| Source data |
◆ ◆ ◆ ◆ ◆

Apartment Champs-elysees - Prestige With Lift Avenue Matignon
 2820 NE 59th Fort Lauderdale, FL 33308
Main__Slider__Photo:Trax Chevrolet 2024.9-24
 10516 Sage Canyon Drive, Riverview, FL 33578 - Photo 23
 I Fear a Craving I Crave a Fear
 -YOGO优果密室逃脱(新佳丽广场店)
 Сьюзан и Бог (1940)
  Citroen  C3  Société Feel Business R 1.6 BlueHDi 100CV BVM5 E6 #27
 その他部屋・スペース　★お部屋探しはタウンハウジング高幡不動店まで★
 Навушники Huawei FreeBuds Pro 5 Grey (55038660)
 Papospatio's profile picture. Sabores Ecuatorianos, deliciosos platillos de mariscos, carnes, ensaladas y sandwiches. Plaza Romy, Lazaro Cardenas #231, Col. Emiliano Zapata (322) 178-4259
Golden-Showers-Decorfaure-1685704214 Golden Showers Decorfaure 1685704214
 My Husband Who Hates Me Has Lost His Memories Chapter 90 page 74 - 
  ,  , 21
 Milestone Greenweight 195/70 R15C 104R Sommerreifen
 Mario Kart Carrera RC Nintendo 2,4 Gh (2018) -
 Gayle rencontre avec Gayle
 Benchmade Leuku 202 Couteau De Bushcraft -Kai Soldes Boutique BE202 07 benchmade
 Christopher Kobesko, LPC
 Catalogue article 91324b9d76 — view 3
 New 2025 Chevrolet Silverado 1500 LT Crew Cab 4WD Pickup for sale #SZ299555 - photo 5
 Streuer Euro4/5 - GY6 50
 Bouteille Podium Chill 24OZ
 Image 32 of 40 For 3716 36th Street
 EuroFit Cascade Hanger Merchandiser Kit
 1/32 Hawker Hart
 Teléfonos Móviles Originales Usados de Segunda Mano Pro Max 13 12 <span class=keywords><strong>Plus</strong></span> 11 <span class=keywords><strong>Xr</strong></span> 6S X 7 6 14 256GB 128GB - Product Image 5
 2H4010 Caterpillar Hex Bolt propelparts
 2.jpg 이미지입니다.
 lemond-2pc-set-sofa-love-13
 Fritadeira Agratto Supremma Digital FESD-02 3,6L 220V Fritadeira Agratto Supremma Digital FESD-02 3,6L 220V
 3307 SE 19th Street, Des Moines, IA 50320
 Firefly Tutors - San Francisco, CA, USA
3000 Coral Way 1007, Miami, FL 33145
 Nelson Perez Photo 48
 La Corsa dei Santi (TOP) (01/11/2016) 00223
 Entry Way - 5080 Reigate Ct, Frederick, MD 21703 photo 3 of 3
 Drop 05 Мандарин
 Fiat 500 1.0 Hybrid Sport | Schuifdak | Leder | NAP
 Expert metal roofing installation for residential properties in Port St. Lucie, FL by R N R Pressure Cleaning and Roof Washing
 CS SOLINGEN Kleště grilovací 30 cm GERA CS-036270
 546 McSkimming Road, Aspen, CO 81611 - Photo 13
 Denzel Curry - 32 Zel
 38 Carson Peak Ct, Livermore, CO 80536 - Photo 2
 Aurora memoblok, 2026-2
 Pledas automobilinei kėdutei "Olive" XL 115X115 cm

◆ ◆ ◆ ◆ ◆

| The task |
Every line in the data above that contains "Image" needs to be copied.

| Your response |
 Image 32 of 40 For 3716 36th Street
 Teléfonos Móviles Originales Usados de Segunda Mano Pro Max 13 12 <span class=keywords><strong>Plus</strong></span> 11 <span class=keywords><strong>Xr</strong></span> 6S X 7 6 14 256GB 128GB - Product Image 5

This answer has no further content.